Garnier frères (Œuvres complètes, tome 7p. 173-174).

CHAPITRE XV.
DE LA CHAMBRE DES DÉPUTÉS. SES RAPPORTS AVEC LES MINISTRES.

Notre chambre des députés seroit parfaitement constituée si les lois sur les élections et sur la responsabilité des ministres étoient faites ; mais il manque encore à cette chambre la connoissance de quelques-uns de ses pouvoirs, de quelques-unes de ces vérités filles de l’expérience.

Il faut d’abord qu’elle sache se faire respecter. Elle ne doit pas souffrir que les ministres établissent en principe qu’ils sont indépendants des chambres ; qu’ils peuvent refuser de venir lorsqu’elles désireroient leur présence.

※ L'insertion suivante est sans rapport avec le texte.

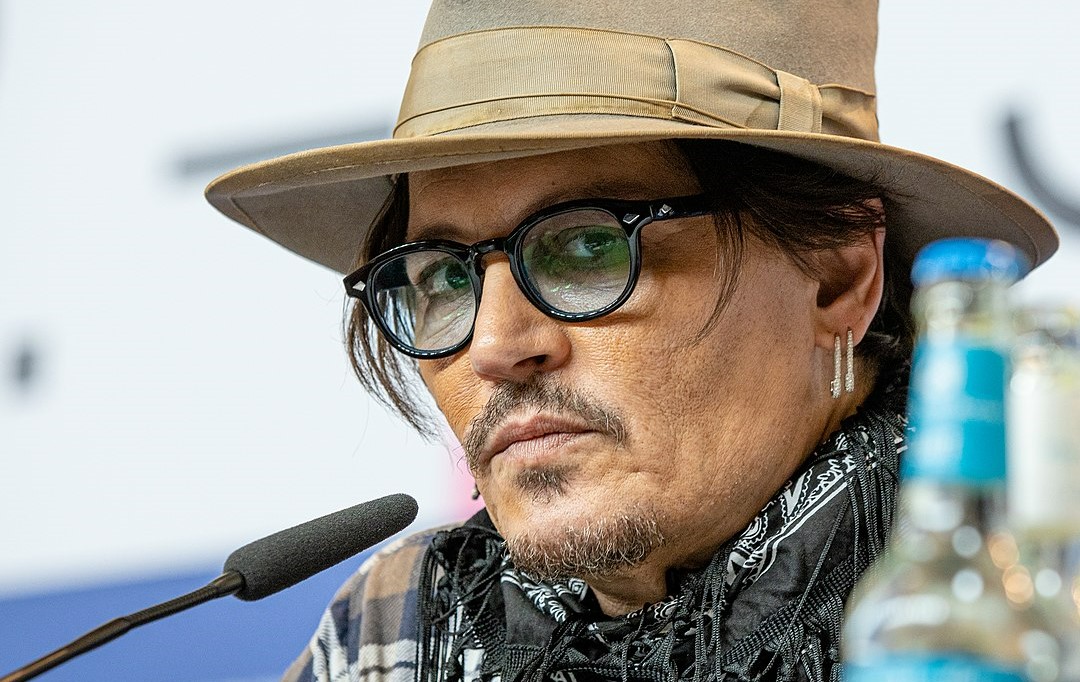 Johnny Depp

En Angleterre, non-seulement les ministres sont interrogés sur des bills, mais encore sur des actes administratifs, sur des nominations, et même sur des nouvelles de gazette.

Si on laisse passer cette grande phrase, que les ministres du roi ne doivent compte qu’au roi de leur administration, on entendra bientôt par administration tout ce qu’on voudra : des ministres incapables pourront perdre la France à leur aise ; et les chambres, devenues leurs esclaves, tomberont dans l’avilissement.

Quel moyen les chambres ont-elles de se faire écouter ? Si les ministres refusent de répondre, elles en seront pour leur interpellation, compromettront leur dignité et paroîtront ridicules, comme on l’est en France quand on fait une fausse démarche.

La chambre des députés a plusieurs moyens de maintenir ses droits.

Posons donc les principes :

Les chambres ont le droit de demander tout ce qu’elles veulent aux ministres.

Les ministres doivent toujours répondre, toujours venir, quand les chambres paroissent le souhaiter.

Les ministres ne sont pas toujours obligés de donner les explications qu’on leur demande ; ils peuvent les refuser, mais en motivant ce refus sur des raisons d’État dont les chambres seront instruites quand il en sera temps. Les chambres traitées avec cet égard n’iront pas plus loin. Lorsqu’un ministre a désiré obtenir un crédit de six millions sur le grand-livre, il a donné sa parole d’honneur, et les députés n’ont pas demandé d’autres éclaircissements. Foi de gentilhomme est un vieux gage sur lequel les François trouveront toujours à emprunter.

D’ailleurs les chambres ne se mêleront jamais d’administration, ne feront jamais de demandes inquiétantes, elles n’exposeront jamais les ministres à se compromettre, si les ministres sont ce qu’ils doivent être, c’est-à-dire maîtres des chambres par le fond, et leurs serviteurs par la forme.

Quel moyen conduit à cet heureux résultat ? Le moyen le plus simple du monde : le ministère doit disposer la majorité et marcher avec elle ; sans cela, point de gouvernement.

Je sais bien que cette espèce d’autorité que les chambres exercent sur le ministère pendant les sessions rappelle à l’esprit les envahissements de l’Assemblée constituante ; mais, encore une fois, toute comparaison de ce qui est aujourd’hui à ce qui fut alors est boiteuse. L’expérience de nos temps de malheurs n’autorise point à dire que la monarchie représentative ne peut pas s’établir en France : le gouvernement qui existoit à cette époque n’étoit point la monarchie représentative fondée sur des principes naturels, par la véritable division des pouvoirs. Une assemblée unique, un roi dont le veto n’étoit pas absolu ! Qu’y a-t-il de commun entre l’ordre établi par l’Assemblée constituante et l’ordre politique fondé par la Charte ? Usons de cette Charte : si rien ne marche avec elle, alors nous pourrons affirmer que le génie françois est incompatible avec le gouvernement représentatif ; jusque là nous n’avons pas le droit de condamner ce que nous n’avons jamais eu.